> **SOURCE DATA**
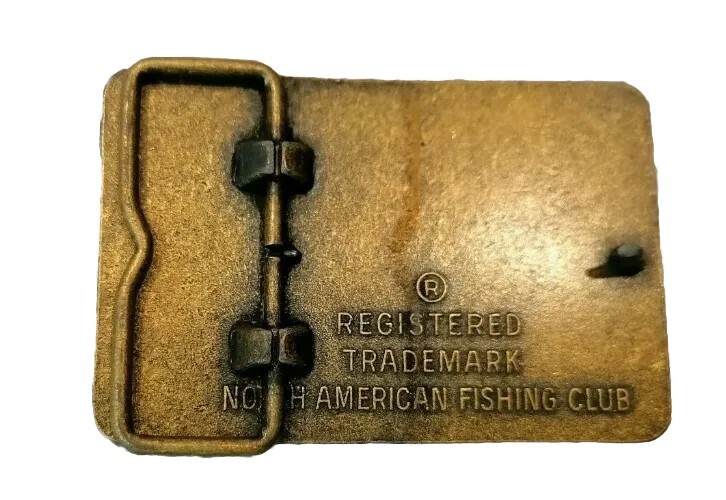 Siskiyou Buckle Co. “I'd Rather Be Fishing” & North American Fishing Belt Buckle View 6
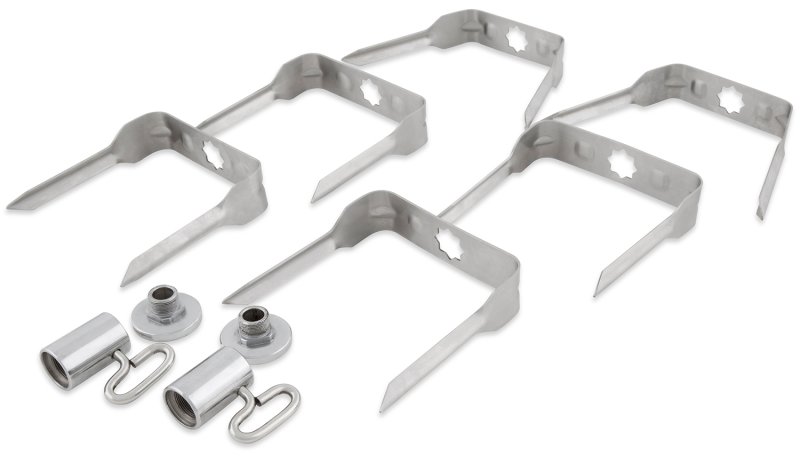 Broil King Edelstahl Fleischforken Deluxe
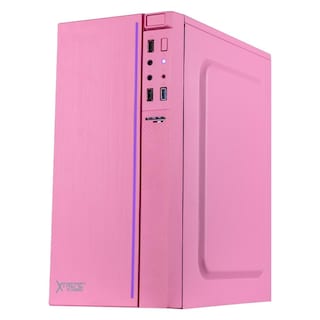 Foto 3 | Xtreme Pc Gaming Amd Radeon Vega Renoir Ryzen 5 5600gt 16gb Ssd 500gb Monitor 23.8 Wifi Rosa
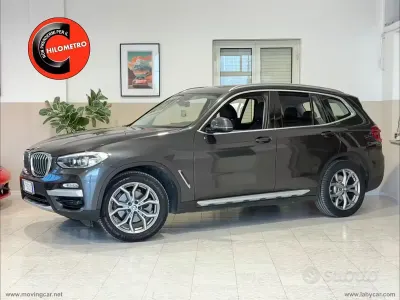 Usata BMW X3 xLine 190 CV (139 kW) 2019 Grigio SUV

> **YOUR ASSIGNMENT**
Everything in the preceding material must be transcribed exactly, except the images.

> **TASK RESULT**
 Siskiyou Buckle Co. “I'd Rather Be Fishing” & North American Fishing Belt Buckle View 6
 Broil King Edelstahl Fleischforken Deluxe
 Foto 3 | Xtreme Pc Gaming Amd Radeon Vega Renoir Ryzen 5 5600gt 16gb Ssd 500gb Monitor 23.8 Wifi Rosa
 Usata BMW X3 xLine 190 CV (139 kW) 2019 Grigio SUV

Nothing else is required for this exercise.